## Your instructions
Every line from the one with "施工例 トイレ 2階のトイレです。保温・洗浄付きのリクシル製品採用。ペーパーホルダー、収納付きになります。" to the end of the data needs to be copied exactly, and no line before it.

## Short text fragments from websites
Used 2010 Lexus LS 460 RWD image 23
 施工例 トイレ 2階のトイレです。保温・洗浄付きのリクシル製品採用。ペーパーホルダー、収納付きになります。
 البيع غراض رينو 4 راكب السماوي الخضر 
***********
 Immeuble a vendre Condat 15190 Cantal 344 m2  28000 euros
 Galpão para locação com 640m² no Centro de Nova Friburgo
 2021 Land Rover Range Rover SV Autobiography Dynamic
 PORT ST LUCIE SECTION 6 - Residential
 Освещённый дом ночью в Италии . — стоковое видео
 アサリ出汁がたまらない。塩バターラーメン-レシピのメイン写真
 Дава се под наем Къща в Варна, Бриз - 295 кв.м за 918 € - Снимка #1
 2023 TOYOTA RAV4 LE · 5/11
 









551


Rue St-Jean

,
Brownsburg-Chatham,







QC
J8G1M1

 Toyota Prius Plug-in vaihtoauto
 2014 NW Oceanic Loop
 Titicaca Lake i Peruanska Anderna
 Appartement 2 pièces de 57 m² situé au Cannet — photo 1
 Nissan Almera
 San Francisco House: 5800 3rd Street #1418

## Your solution
 施工例 トイレ 2階のトイレです。保温・洗浄付きのリクシル製品採用。ペーパーホルダー、収納付きになります。
 البيع غراض رينو 4 راكب السماوي الخضر 
***********
 Immeuble a vendre Condat 15190 Cantal 344 m2  28000 euros
 Galpão para locação com 640m² no Centro de Nova Friburgo
 2021 Land Rover Range Rover SV Autobiography Dynamic
 PORT ST LUCIE SECTION 6 - Residential
 Освещённый дом ночью в Италии . — стоковое видео
 アサリ出汁がたまらない。塩バターラーメン-レシピのメイン写真
 Дава се под наем Къща в Варна, Бриз - 295 кв.м за 918 € - Снимка #1
 2023 TOYOTA RAV4 LE · 5/11
 









551


Rue St-Jean

,
Brownsburg-Chatham,







QC
J8G1M1

 Toyota Prius Plug-in vaihtoauto
 2014 NW Oceanic Loop
 Titicaca Lake i Peruanska Anderna
 Appartement 2 pièces de 57 m² situé au Cannet — photo 1
 Nissan Almera
 San Francisco House: 5800 3rd Street #1418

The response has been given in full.